I still sing these lyrics about Roy’s resignation:

"“So sacrifice yourself,And let me have what’s left.I know that I can findThe fire in your eyes.I’m going all the way,Get away.You [took] the breath right out of me.You left a hole where my heart should be.”"

“You left a hole where my heart should be” — I felt like I’d lost my Colorado Avalanche fandom. And that hurt so bad. I was the editor of an Avs fan blog, and I didn’t want to give that up. I identified widely as an Avs fan — it was such an integral part of who I am that people at work identify me that way. I’d been an Avs fan my whole adult life.

And it looked like that was over. I was so angry at the players. I hated every single one of them for not being good enough for Patrick Roy. And I hated Joe Sakic, one of the greatest Avs player heroes, for forcing Patrick Roy out.

Mostly I was just so sad. “Breath” was like my breakup song with the Colorado Avalanche. And though I’ve returned to Avs Nation, that song still stands as a melancholy reminder of that time.


Props to you if you’re still with me — and thanks. I’ve already shared my dancing horses video with you, but I share my thanks here.

If you stuck with me from Roypocalypse until now, you’ve seen at least part of my process of coming back to Avs Nation. Perhaps you even saw my tattoo:

To be fair, I told my artist that it had to be a Patrick Roy tattoo in Colorado Avalanche colors, not an Avs tattoo that happened to be of Patrick Roy. And it is that, a Patrick Roy tattoo. But it’s in Avalanche colors.

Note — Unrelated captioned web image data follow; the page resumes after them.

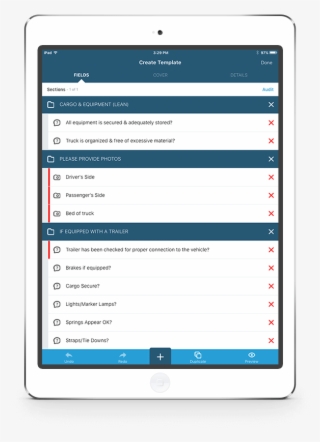Implementation Is As Easy As Creating Templates Online,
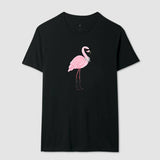 Camiseta Flamingo Style
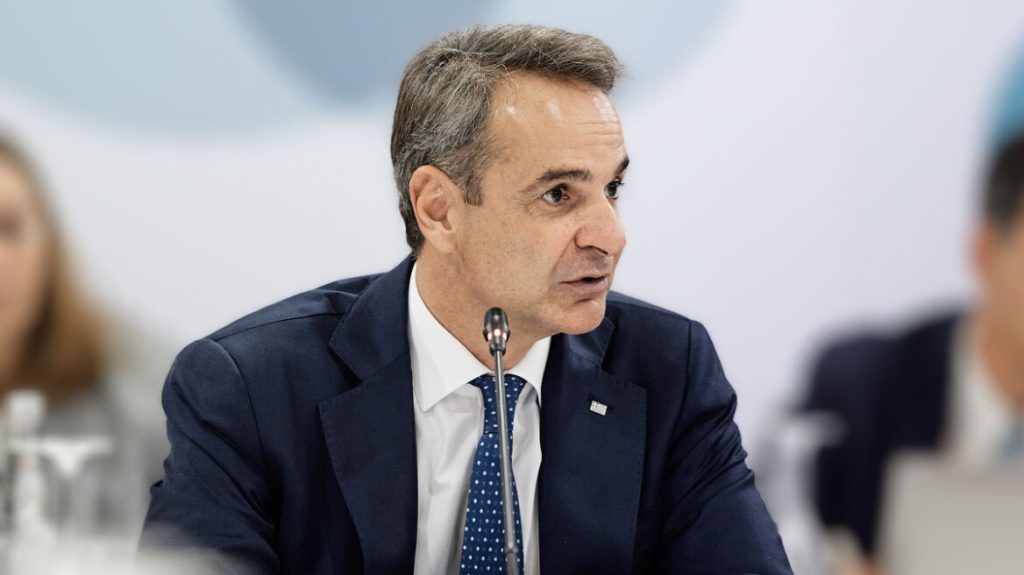 Κ.Μητσοτάκης στη τηλεδιάσκεψη του ΕΛΚ: «Η Ευρώπη πρέπει να μιλά με ενιαία φωνή σε ένα κρίσιμο ζήτημα ασφάλειας»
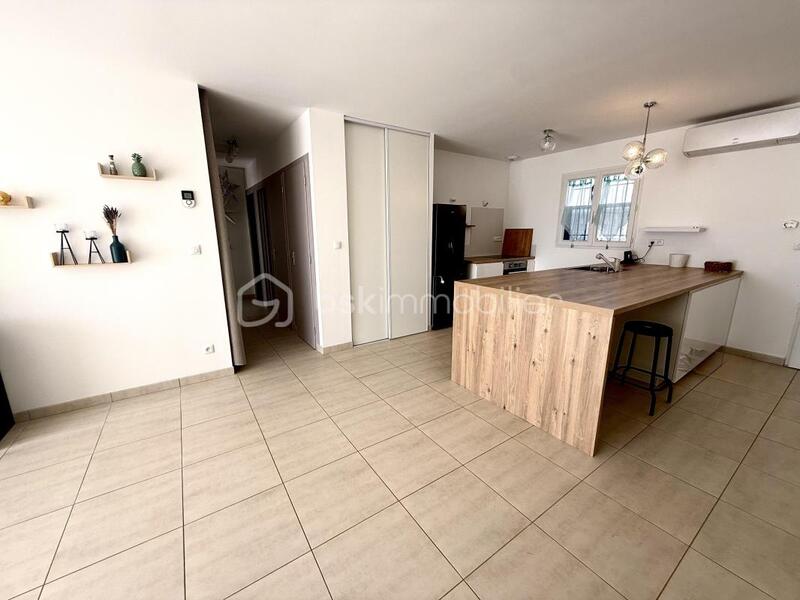 Maison - 83 m² - 4 pièces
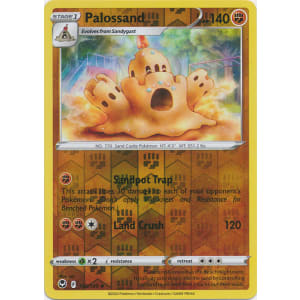 Palossand - 100/195 (Reverse Foil)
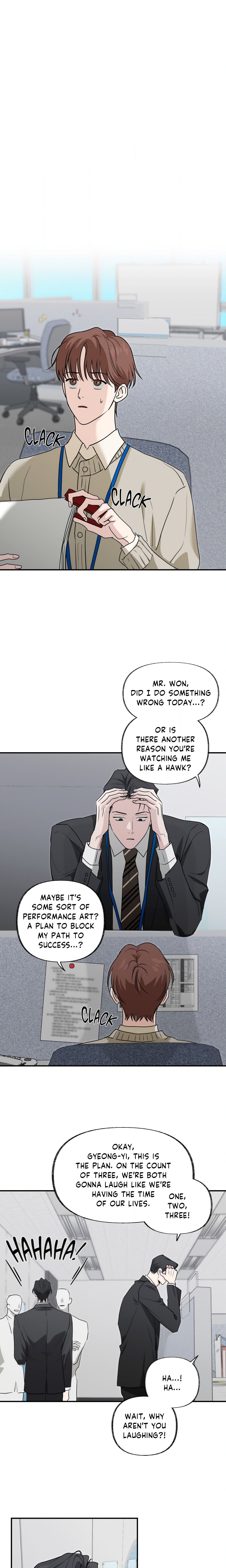 Bittersour (Uncensored) Page 6 - MangaHe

I can actually pinpoint when I became an Avs fan again — fittingly, New Years Day. There was an Avalanche practice, and I decided for the first time that season that I wanted to go.

Not only that, I decided for the first time ever that I wanted to wait for the players to exit the parking lot. I don’t like creeping the players, but my friends wanted autographs, and I wanted to hang out with my Avs friends.

It started slowly, though. I still had my Patrick Roy jersey hanging off the closet door, and I have plenty of Avs fan gear. I’d see the burgundy and blue, and the colors created fond feelings for me. I love those colors because they’re my team’s colors.

My team. The Colorado Avalanche.

I’ve been told I should “get over it” about Roy’s resignation now that it’s been a year. This post — this entire series — had been meant to be my catharsis. It has been cathartic.

However, a part of me also thinks of these posts and some of the previous ones as my Cult of Roy Manifesto:

Because I may be “getting over” Roypocalypse, but I’m not giving up Patrick Roy.

Every manifesto should have a call to action. Mine is not going to be to join me in absolute admiration for the Great Man. If you’re not there yet, you never will be. It turns out I actually don’t have the right arguments and set of Tweets to convert fans.

However, I do have a direct call to action: Stop blaming Patrick Roy. He’s not blameless, but he wasn’t the architect of the Colorado Avalanche’s demise. There were a lot of factors, and his inherent will to win that led to his seemingly untimely resignation were only a couple of many, many factors.

Stop blaming Patrick Roy, and I stop being the Cult of Roy Crusader. It’s really that simple, dear readers. You’ll never change my mind. I may not change yours, but you can see by now that I won’t stop trying.

Stop blaming Patrick Roy. We’ve got a tough season ahead of us, and we armchair GMs and coaches need to figure this out in case the real GMs and coaches give us a call.

Stop blaming Patrick Roy, and we can figure this thing out together instead of being adversaries across a quasi-religious battlefield.

Stop. Blaming. Patrick. Roy. It’s kind of catchy — you can almost dance to it.